The Problem
My early years in Christianity were spent in the Nazarene Church and private Christian schools. They were insanely legalistic. They turned me into a Pharisee.
During those years I FEARED God. I earnestly did everything I could to be a good Christian, to make myself worthy. To not backslide. I only listened to Christian Music, I had my devotions every day. You could say that I was on-fire for the Lord. You bet I was because I was told that if I wasn’t then I would burn in hell. There was no grace, no forgiveness only an endless rat wheel of good works with no assurance that I was even meeting the lowest standard necessary for me to be saved. I even went to work for Focus on the Family and did everything I could to stand out as a Christian among Christians.
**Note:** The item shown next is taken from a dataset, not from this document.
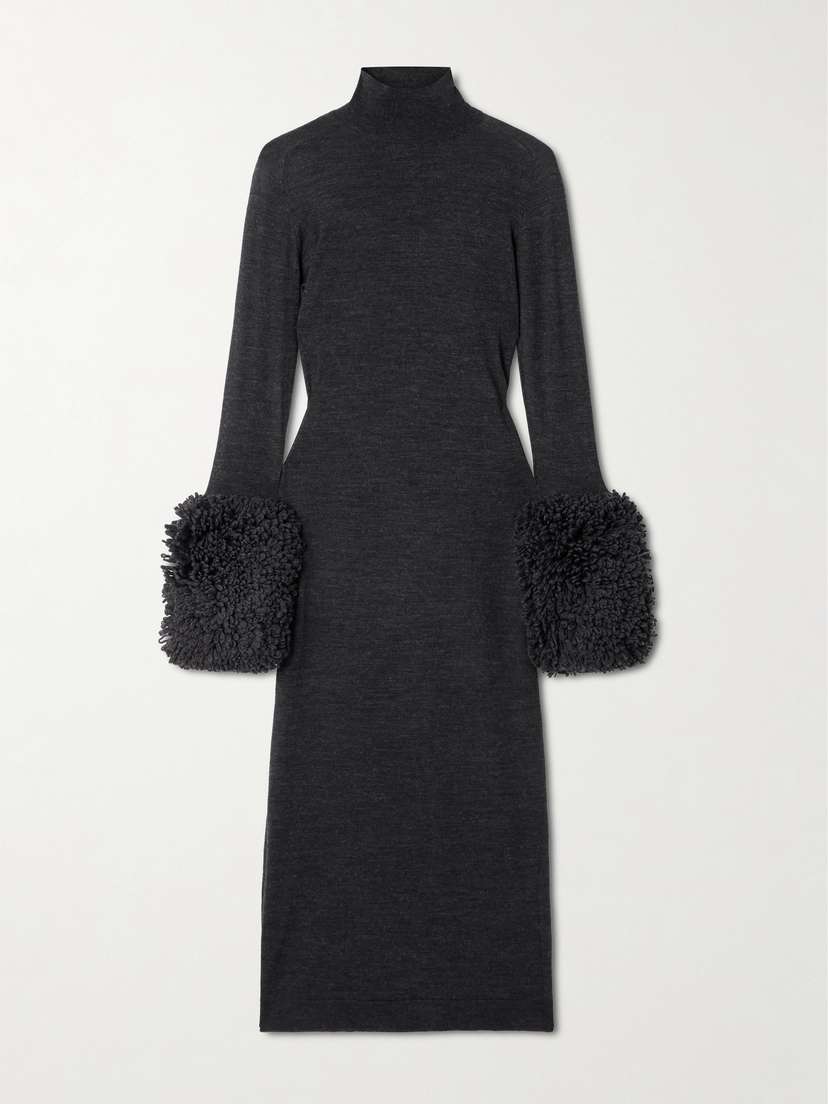 Alaïa Faux Fur-trimmed Wool Turtleneck Midi Dress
At that time if you had asked me if I were “going to heaven” when I died, my answer would have been, “I hope so”. Beneath the ‘good Christian’ facade was a young man who struggled with his sin and who honestly knew that he wasn’t winning that battle. I knew that I was not good enough to be saved.
I hoped that working at Focus on the Family would provide me the answers that I was looking for in my struggle against sin. I was surrounded by other believers, we had chapel everyday and I got to hear the radio program every day. I was literally fed a steady stream of tactics and practical methods for living a God pleasing life personally, as a husband and as a father.
But there was no peace for me. There was no assurance. There was no hope. My sin problem wouldn’t go away and I knew that I would face shame and rejection if I had to stand before Jesus and give an accounting of my life.
Apparently I wasn’t the only one with these fears and doubts. One day I went to work and heard that one of the ladies in our department had committed suicide by turning her car on with the garage door closed. What little details they gave us from the note she left behind sounded like I could have written it.
The thing that really irked me while I worked there was the constant stream of guests and experts that appeared on the Focus on the Family Radio program that talked and acted like they had the sin in their lives 'under control'. They wrote books on the topic and always made it sound like it was a battle that we could easily win if we would just apply ourselves to it.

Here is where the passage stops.